Friday, January 5, 2018

“Fear is the Mind-killer”



"I must not fear. Fear is the mind-killer. Fear is the little-death that brings total obliteration. I will face my fear. I will permit it to pass over me and through me. And when it has gone past I will turn the inner eye to see its path. Where the fear has gone there will be nothing. Only I will remain.” 

Frank Herbert--Dune

          When in my twenties, I carried this litany from Dune in my wallet. Faced with living alone for the first time in a new place while attending college, my personal anxieties dogged me.
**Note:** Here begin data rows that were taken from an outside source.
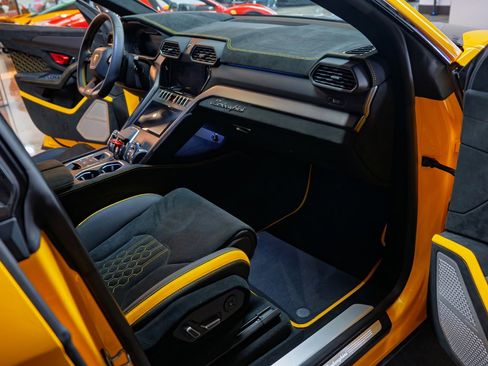 Used 2024 Lamborghini Urus Performante image 12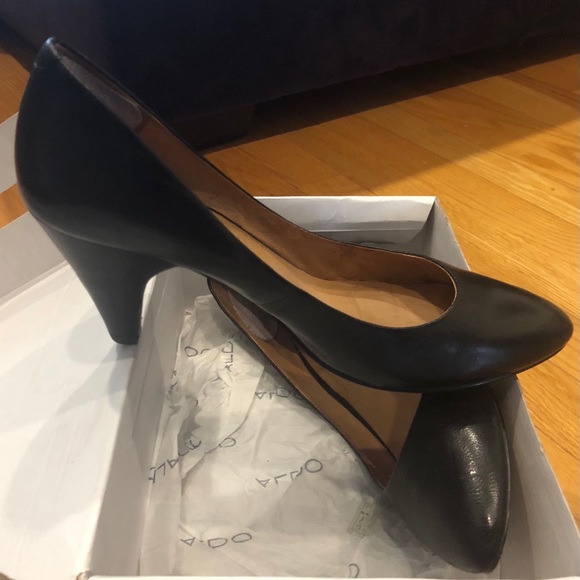 Heels - Picture 4 of 5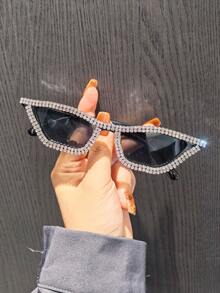 Dos pares de gafas de mujer con marco negro y adornos de cristal y strass, con forma de ojo de gato, adecuadas para la playa, bodas y fiestas temáticas, Halloween, San Valentín, vacaciones de verano en la playa, actividades al aire libre y viajes (con paño de limpieza) - Blanco y Negro - Ver 6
On bad days while riding the shuttle to early morning classes, I would whisper these words. When I worried that I wasn’t as smart as everyone else thought, this recitation calmed my soul.
          When in my thirties, I carried this litany (now worn and faded) as solace whenever I felt I failed as a wife, mother, daughter or sister. The dread of not measuring up to the expectations of my principals or peers wrapped me into doubts that eased if I chanted this invocation. 
          When in my forties, my father died. The world tilted. I faced one of my worst fears and survived. Somehow, carrying the little scrap of paper seem unnecessary. The words, permanently etched in memory, offered comfort and soothed my grief. 
          When in my fifties, my life narrowed down into the nightmares of my mother’s Huntington’s disease. Every day filled with uncertainties as I dealt with the horrific symptoms of this disorder. To be honest, I hid from many of my fears. I wasted energy running away from them. I forgot the power of permitting them “to pass over me and through me.” 
          Now I begin my sixties. And I need to carry these assurances with me once again. I’m printing them out on a crisply new piece of paper and folding them into my wallet. Although committed to memory forty years ago, I need them to be concretely within my grasp. I face a different challenge today as a madman dictates our political reality. I must not let his mental illness paralyze my ability to reason and resist.